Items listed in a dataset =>
● ● ●
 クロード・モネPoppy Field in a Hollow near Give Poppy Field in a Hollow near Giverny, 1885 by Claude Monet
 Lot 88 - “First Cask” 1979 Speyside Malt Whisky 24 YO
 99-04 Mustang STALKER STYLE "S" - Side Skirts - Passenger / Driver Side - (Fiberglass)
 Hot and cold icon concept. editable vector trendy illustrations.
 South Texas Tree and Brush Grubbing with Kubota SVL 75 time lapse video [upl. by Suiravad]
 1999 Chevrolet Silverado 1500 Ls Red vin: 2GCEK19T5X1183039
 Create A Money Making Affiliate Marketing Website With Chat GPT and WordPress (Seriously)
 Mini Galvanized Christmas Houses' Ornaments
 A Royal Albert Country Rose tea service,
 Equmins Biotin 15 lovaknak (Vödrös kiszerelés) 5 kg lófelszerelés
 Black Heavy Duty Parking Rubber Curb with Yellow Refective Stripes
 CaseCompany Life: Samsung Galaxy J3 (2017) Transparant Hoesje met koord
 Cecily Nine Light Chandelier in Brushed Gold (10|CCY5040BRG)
● ● ●
Work to be completed => Write out exactly the lines between the start of the entries and the line containing "Equmins Biotin 15", including that line and the first one.

Result =>
 クロード・モネPoppy Field in a Hollow near Give Poppy Field in a Hollow near Giverny, 1885 by Claude Monet
 Lot 88 - “First Cask” 1979 Speyside Malt Whisky 24 YO
 99-04 Mustang STALKER STYLE "S" - Side Skirts - Passenger / Driver Side - (Fiberglass)
 Hot and cold icon concept. editable vector trendy illustrations.
 South Texas Tree and Brush Grubbing with Kubota SVL 75 time lapse video [upl. by Suiravad]
 1999 Chevrolet Silverado 1500 Ls Red vin: 2GCEK19T5X1183039
 Create A Money Making Affiliate Marketing Website With Chat GPT and WordPress (Seriously)
 Mini Galvanized Christmas Houses' Ornaments
 A Royal Albert Country Rose tea service,
 Equmins Biotin 15 lovaknak (Vödrös kiszerelés) 5 kg lófelszerelés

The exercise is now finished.